The senior leader is still the key leader but it will change. As the church community embarks on this journey into uncharted territory, I can imagine the senior leader (no longer the expert) taking on the role of “lead learner”.  Maybe the best answer an adaptive leader can give when facing times like this is, “I don’t know, we’ll just have to pray and wait and see” (an answer we were never taught to give in seminary). Ironically this might open-up new creative possibilities.

 

In light of the unfolding coronavirus crisis Bolsinger’s book is an insightful and prophetic word for church leaders today. It’s a timely, must read. However, I’d like to add a word on the magnified importance of the role of the Holy Spirit and prayer in times like this…

 

Adaptive leaders will have to get used to “leading from behind”, that is, doing what the Father doing by following the direction and guidance of the Holy Spirit rather than relying on their natural, God-given leadership instincts, talents and muscle to make things happen.
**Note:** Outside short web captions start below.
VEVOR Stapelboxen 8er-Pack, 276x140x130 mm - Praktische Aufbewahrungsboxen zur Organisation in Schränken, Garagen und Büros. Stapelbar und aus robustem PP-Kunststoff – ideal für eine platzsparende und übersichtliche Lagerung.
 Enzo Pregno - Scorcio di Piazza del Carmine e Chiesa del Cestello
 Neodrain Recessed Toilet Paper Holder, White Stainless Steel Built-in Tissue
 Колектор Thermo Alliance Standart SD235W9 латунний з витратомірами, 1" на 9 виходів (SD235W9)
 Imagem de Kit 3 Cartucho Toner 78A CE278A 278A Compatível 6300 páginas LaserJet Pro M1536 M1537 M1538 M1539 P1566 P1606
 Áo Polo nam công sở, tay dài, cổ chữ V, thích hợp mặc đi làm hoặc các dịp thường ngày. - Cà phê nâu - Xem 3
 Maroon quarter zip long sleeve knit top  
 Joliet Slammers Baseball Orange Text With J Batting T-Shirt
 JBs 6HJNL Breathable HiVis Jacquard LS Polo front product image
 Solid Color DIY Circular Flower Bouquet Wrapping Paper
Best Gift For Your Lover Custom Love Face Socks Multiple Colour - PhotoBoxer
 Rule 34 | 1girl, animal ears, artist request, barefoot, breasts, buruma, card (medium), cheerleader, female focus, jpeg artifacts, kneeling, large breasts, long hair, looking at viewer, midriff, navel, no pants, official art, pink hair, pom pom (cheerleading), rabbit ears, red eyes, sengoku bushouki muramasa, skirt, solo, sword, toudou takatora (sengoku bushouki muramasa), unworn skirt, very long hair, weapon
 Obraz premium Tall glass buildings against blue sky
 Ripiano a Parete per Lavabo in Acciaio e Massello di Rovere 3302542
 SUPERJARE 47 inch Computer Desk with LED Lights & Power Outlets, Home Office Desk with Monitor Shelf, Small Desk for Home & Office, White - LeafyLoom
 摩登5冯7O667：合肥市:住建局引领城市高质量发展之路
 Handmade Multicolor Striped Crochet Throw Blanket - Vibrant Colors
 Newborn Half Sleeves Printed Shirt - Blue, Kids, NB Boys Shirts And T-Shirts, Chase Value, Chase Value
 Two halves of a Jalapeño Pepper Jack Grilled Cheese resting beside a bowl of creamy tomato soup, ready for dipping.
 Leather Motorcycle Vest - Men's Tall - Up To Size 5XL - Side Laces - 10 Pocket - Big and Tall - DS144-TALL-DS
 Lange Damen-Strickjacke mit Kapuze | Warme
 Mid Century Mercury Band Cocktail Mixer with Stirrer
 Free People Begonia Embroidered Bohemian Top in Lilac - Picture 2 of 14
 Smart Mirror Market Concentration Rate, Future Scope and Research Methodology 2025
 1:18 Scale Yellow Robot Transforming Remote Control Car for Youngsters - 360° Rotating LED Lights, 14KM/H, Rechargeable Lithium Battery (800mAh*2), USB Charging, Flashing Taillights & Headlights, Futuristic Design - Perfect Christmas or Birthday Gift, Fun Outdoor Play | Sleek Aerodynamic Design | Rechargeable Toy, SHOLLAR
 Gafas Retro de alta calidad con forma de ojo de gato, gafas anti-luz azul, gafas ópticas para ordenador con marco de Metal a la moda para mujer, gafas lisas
Despite the hysteria, God is in control. He has solutions. Christ has a pastoral directive for his Church in response to this crisis. The most important task an adaptive leader and his or her team must carry out, particularly in a crisis like this, is to pray and listen to the Spirit in order to discern God’s agenda and then move the church on to it by prayerfully creating a Spirit-driven plan, trusting God to supply the wisdom, help, resources and the strength to carry it out. Prayer must become the adaptive leader’s first ministry. In spite of all the demands and expectations placed on the leader’s time and energy, prayer must take precedence. Nothing is more essential.

 

I’ll be back with more thoughts fon “pastoring a pandemic”. But until then, be at peace, trusting God our Shelter in times of storm.